=== DATA LISTING ===

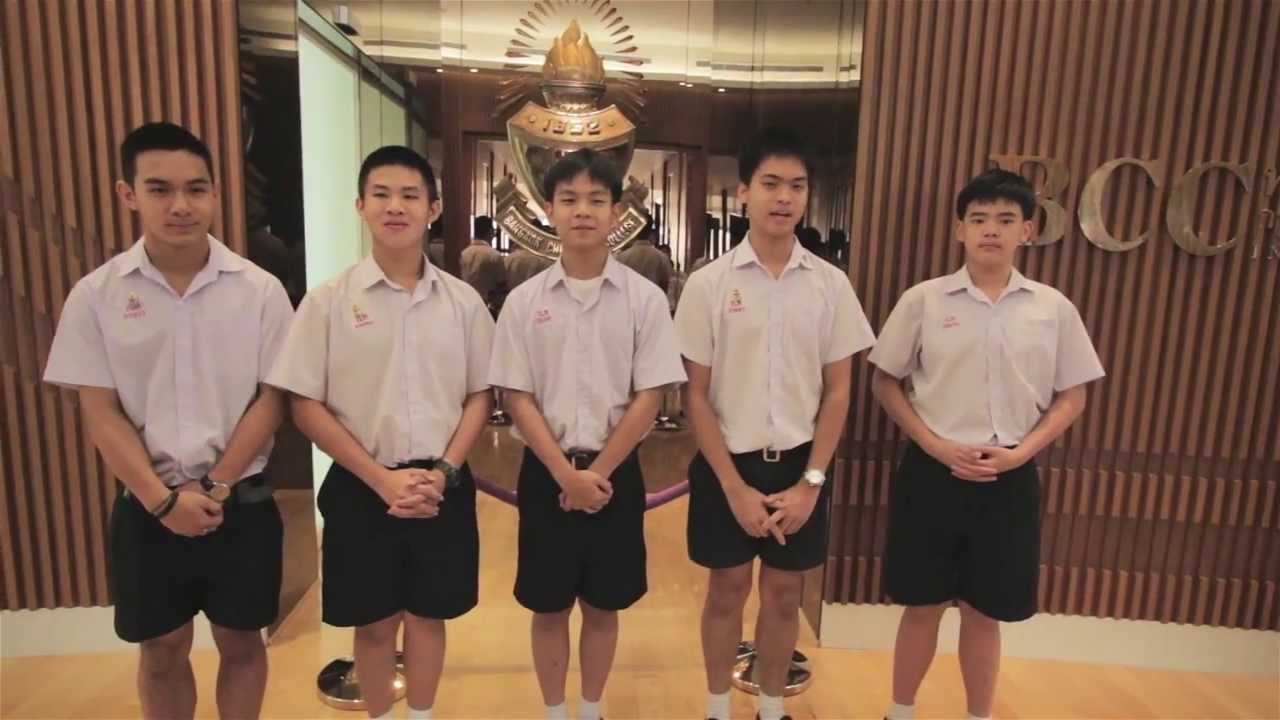 ยุวอาสาพาเที่ยว - หอประวัติศาสตร์ โรงเรียนกรุงเทพคริสเตียนวิทยาลัย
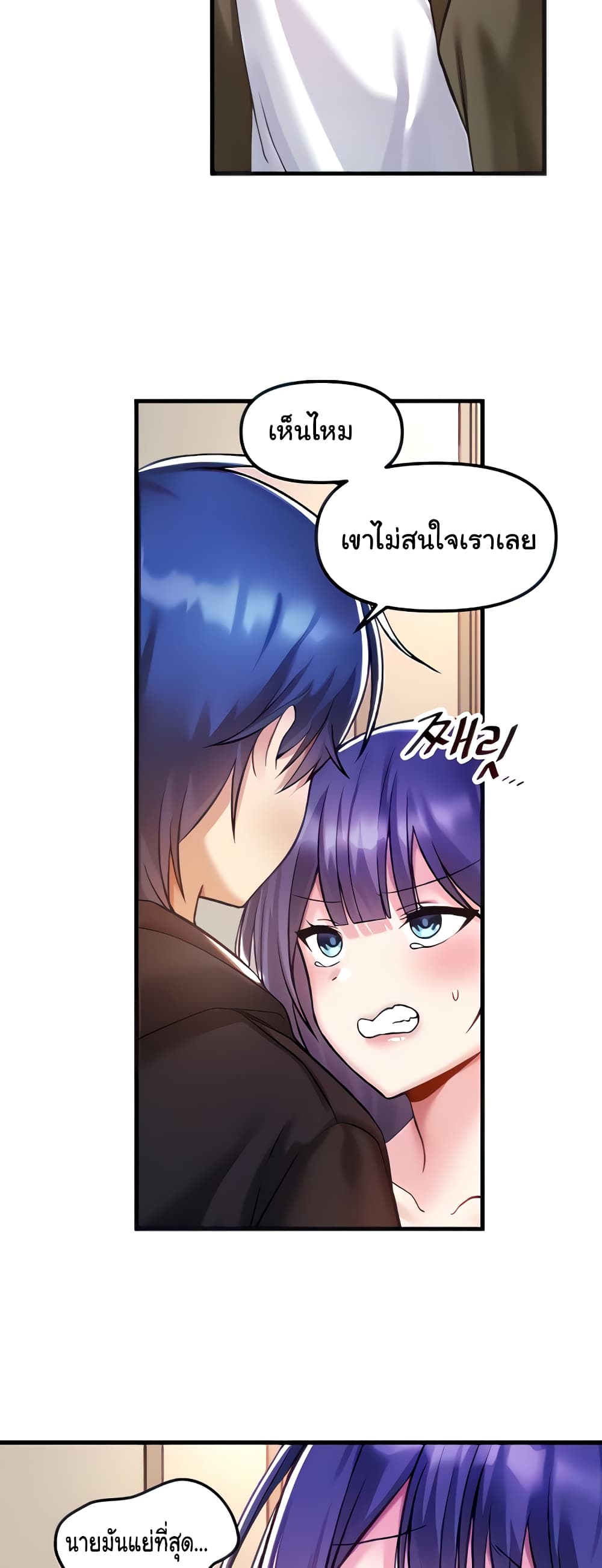 Trapped in the Academy’s Eroge page 10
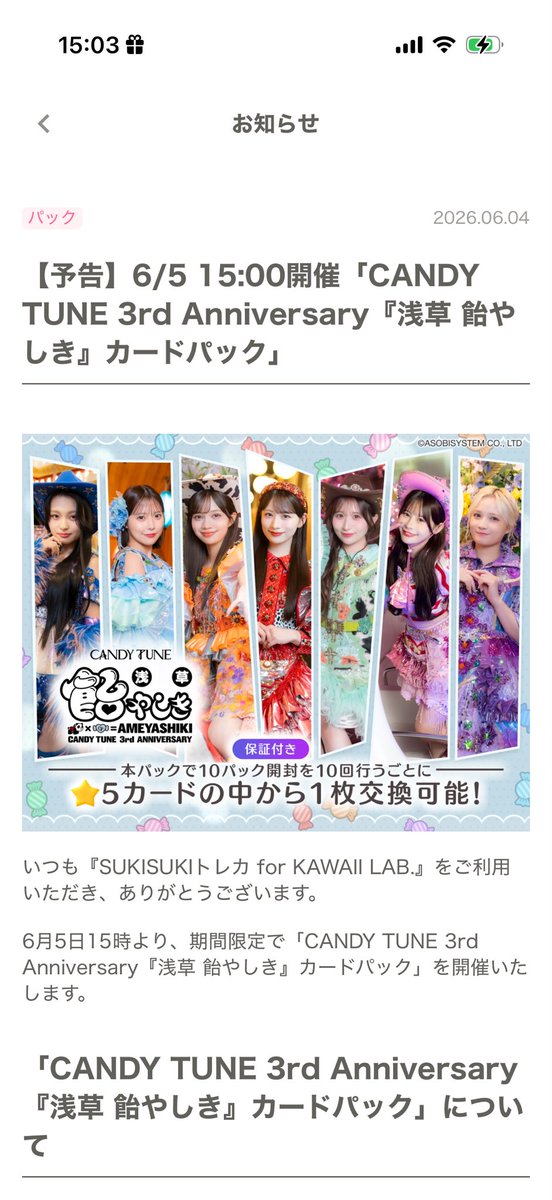 りのまるのほっぺ tweet media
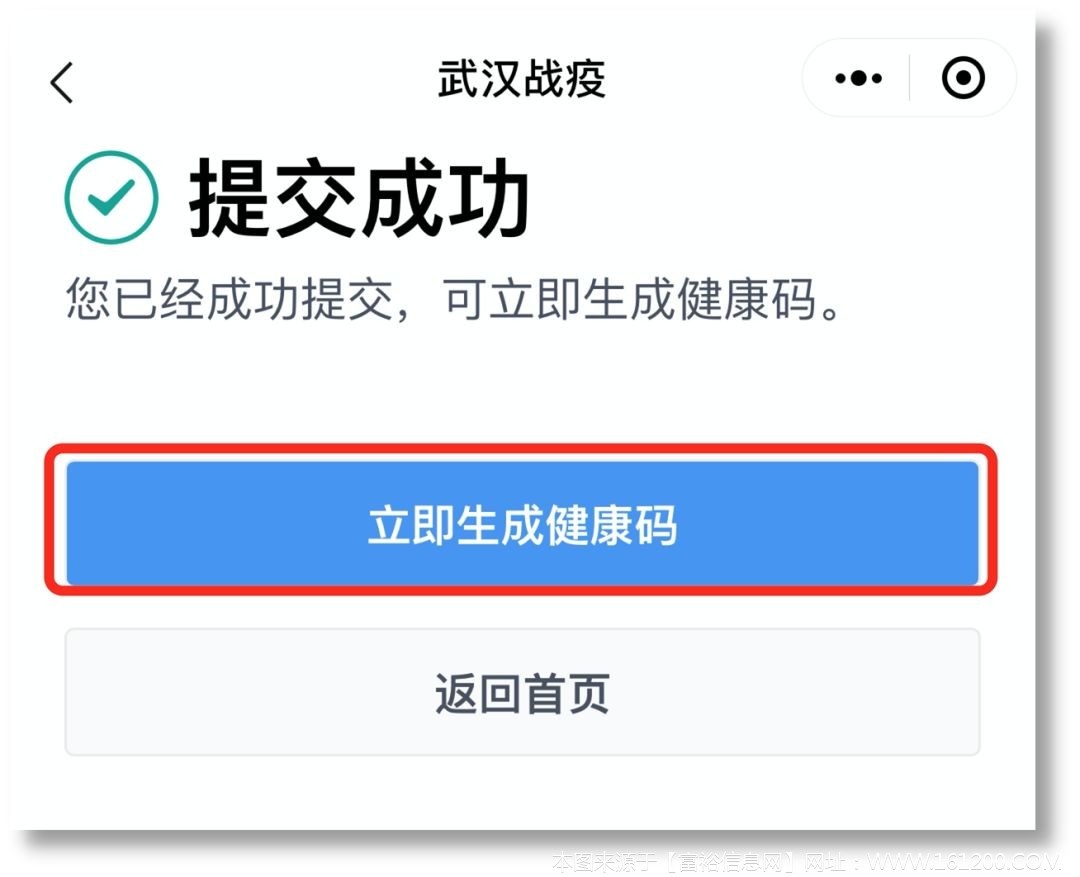 微信图片_20200226092358.jpg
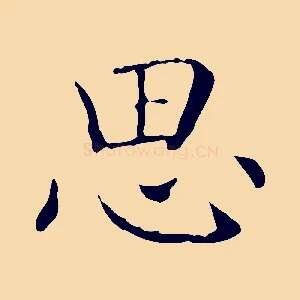 思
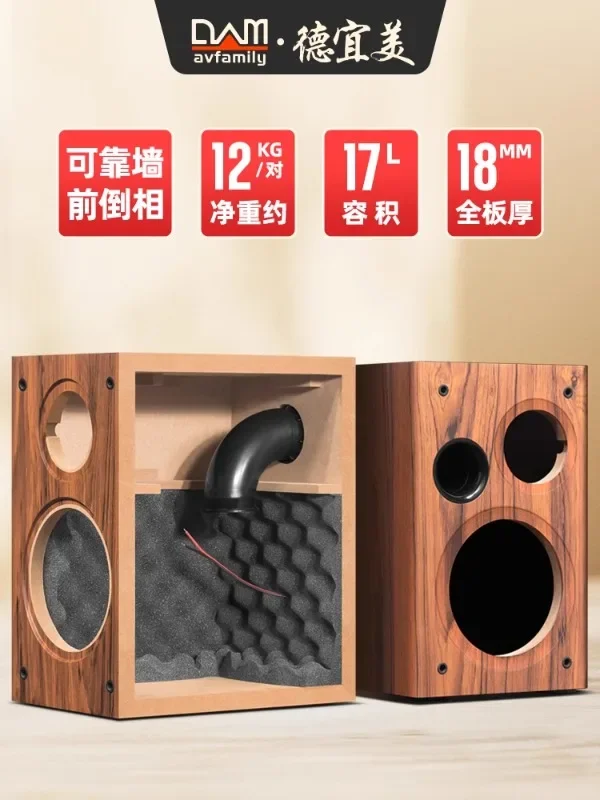 Deyimei 6.5-inch bookshelf speaker, empty box body, two division frequency DIY Huiwei passive sound, wooden empty box body shell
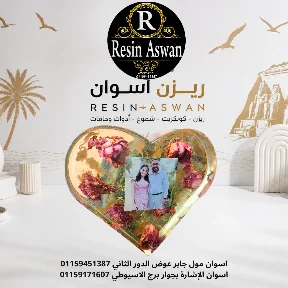 منتجاات هاند ميد 64 — منتجات هاندميد — Resin Aswan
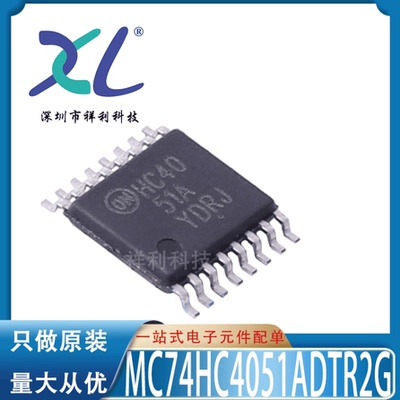 MC74HC165ADTR 74HC165ADTR2G MC74HC165【ON逻辑器】全新原装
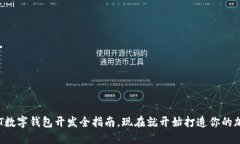 : 2025必看：USDT数字钱包开发全指南，现在就开始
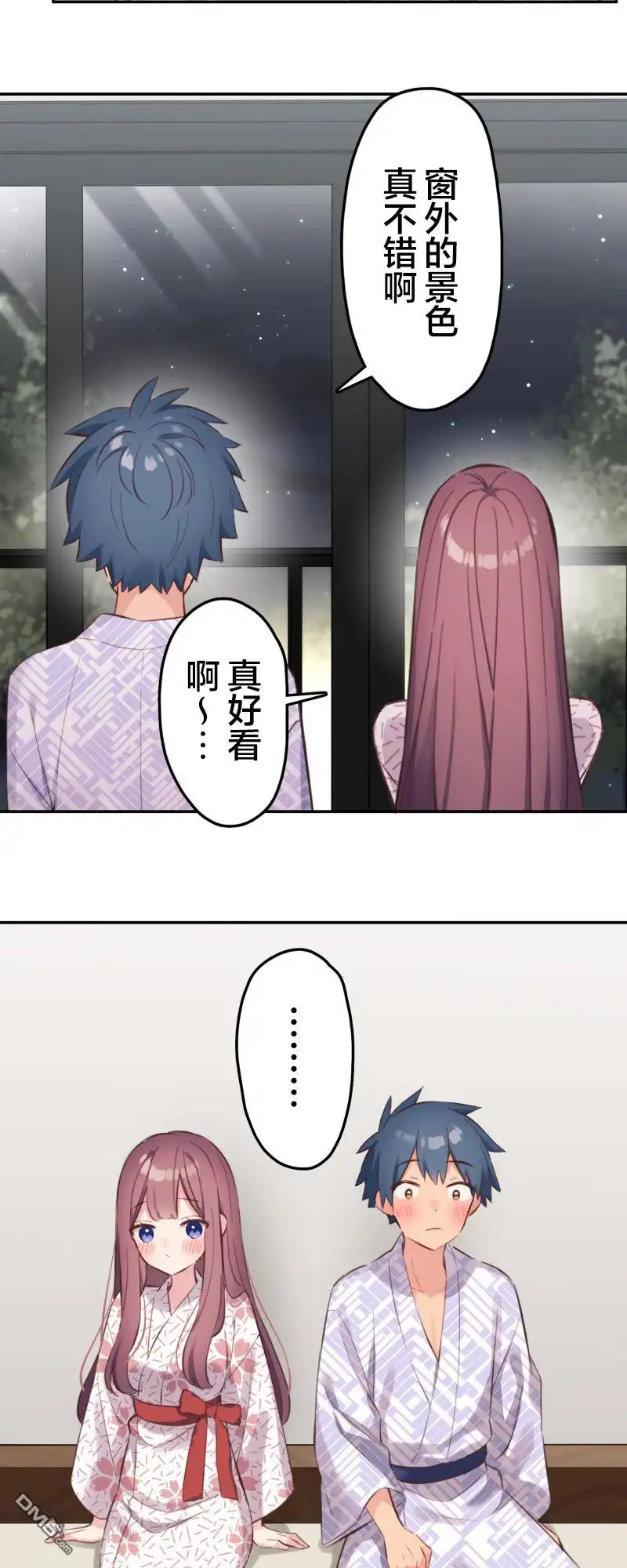 《和歌酱今天依然很腹黑》第176话 第6页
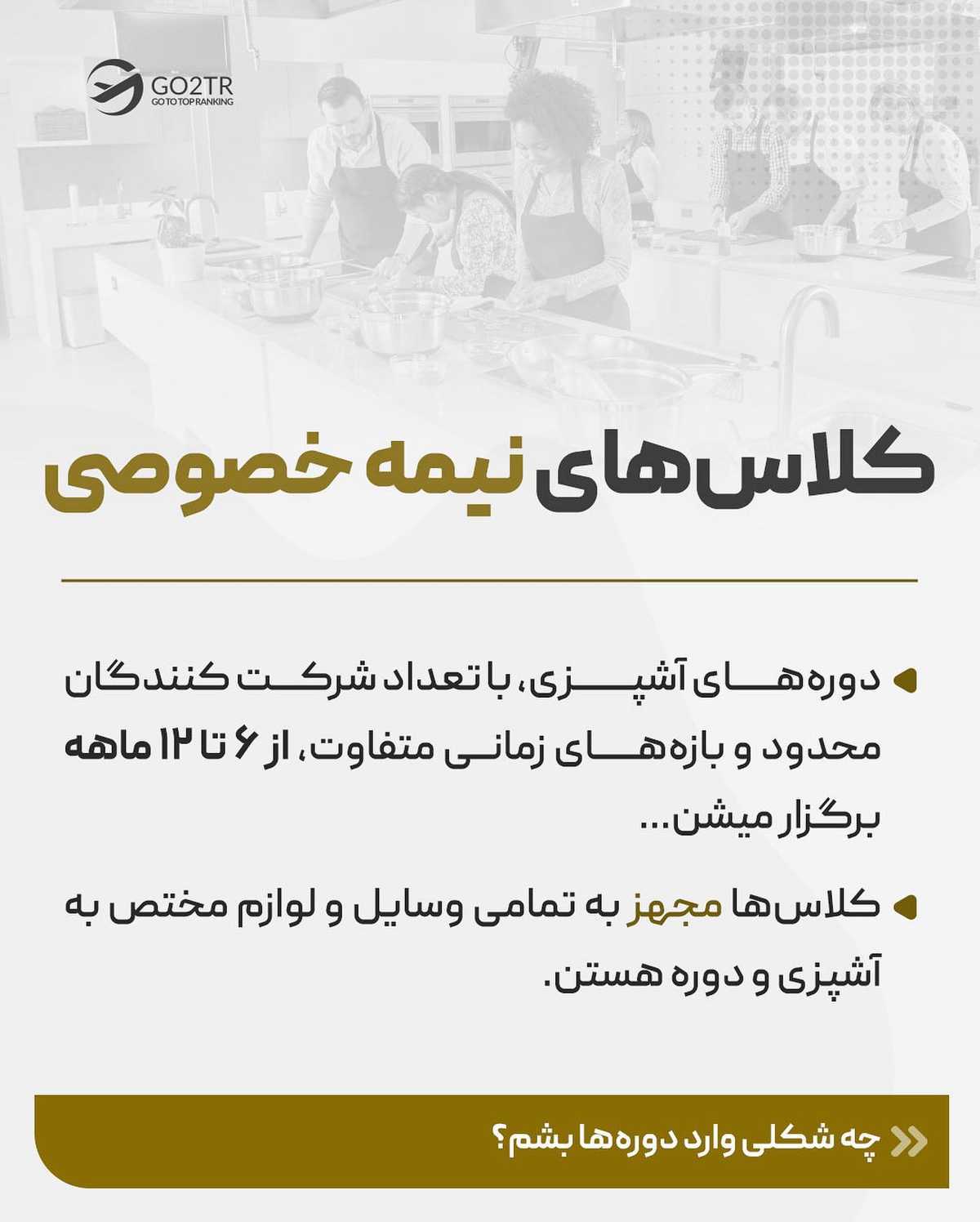 دیگه وقتشه از بهترین سرآشپزهای دنیا، آشپزی یاد بگیری 🤩 . . ✅بسیاری از کشورها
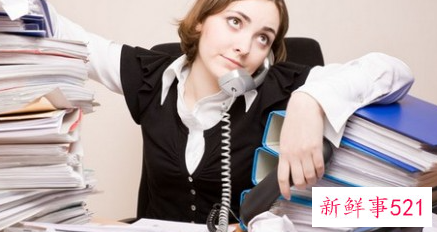 盘点那些产生职业压力的原因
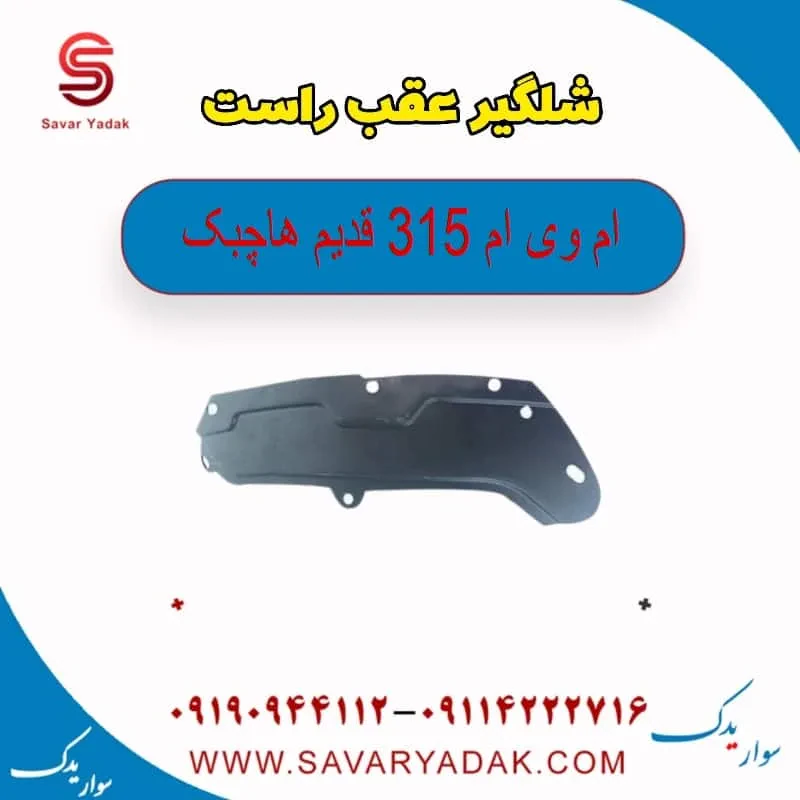 شلگیر عقب راست ام وی ام 315 هاچبک نیو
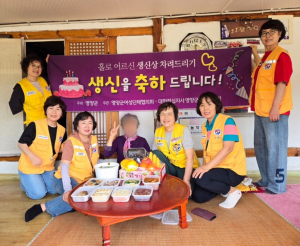 [경북소식] 나홀로 생일··· 당신이 있어 너무 행복합니다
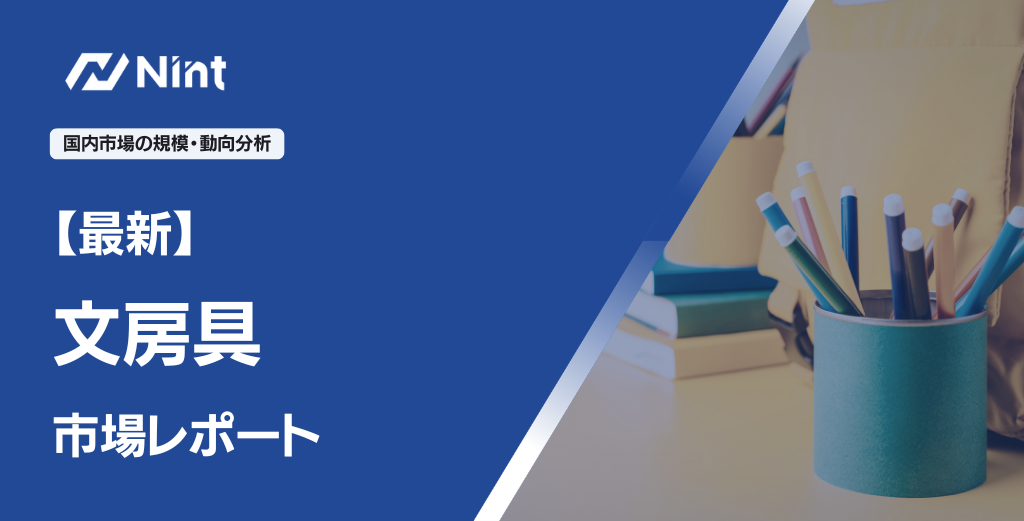 文房具市場レポート → 新slug候補: **`ec-stationery-market-review`**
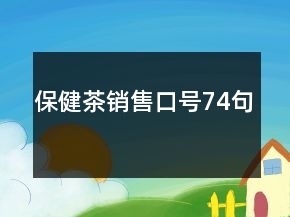 保健茶销售口号74句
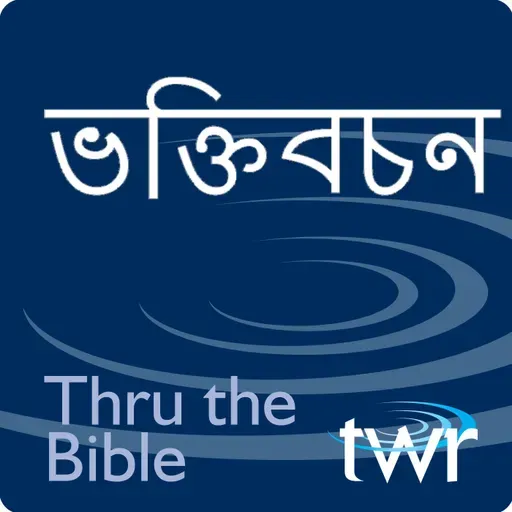 যোহন 11:1-10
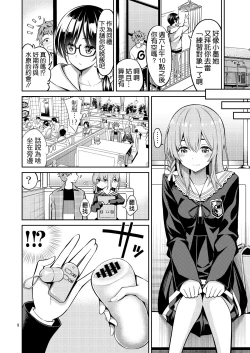 Page 10 of Rental Kanojo Osawari Shimasu 07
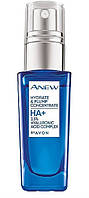 Сыворотка для лица Avon Anew Hydrate & Plump Concentrate 3.5% Hyaluronic Acid Complex 30 мл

===

## ASSIGNED TASK
Each entry above should be reproduced exactly, with the pictures removed.

## SOLUTION BELOW
 ยุวอาสาพาเที่ยว - หอประวัติศาสตร์ โรงเรียนกรุงเทพคริสเตียนวิทยาลัย
 Trapped in the Academy’s Eroge page 10
 りのまるのほっぺ tweet media
 微信图片_20200226092358.jpg
 思
 Deyimei 6.5-inch bookshelf speaker, empty box body, two division frequency DIY Huiwei passive sound, wooden empty box body shell
 منتجاات هاند ميد 64 — منتجات هاندميد — Resin Aswan
 MC74HC165ADTR 74HC165ADTR2G MC74HC165【ON逻辑器】全新原装
 : 2025必看：USDT数字钱包开发全指南，现在就开始
 《和歌酱今天依然很腹黑》第176话 第6页
 دیگه وقتشه از بهترین سرآشپزهای دنیا، آشپزی یاد بگیری 🤩 . . ✅بسیاری از کشورها
 盘点那些产生职业压力的原因
 شلگیر عقب راست ام وی ام 315 هاچبک نیو
 [경북소식] 나홀로 생일··· 당신이 있어 너무 행복합니다
 文房具市場レポート → 新slug候補: **`ec-stationery-market-review`**
 保健茶销售口号74句
 যোহন 11:1-10
 Page 10 of Rental Kanojo Osawari Shimasu 07
 Сыворотка для лица Avon Anew Hydrate & Plump Concentrate 3.5% Hyaluronic Acid Complex 30 мл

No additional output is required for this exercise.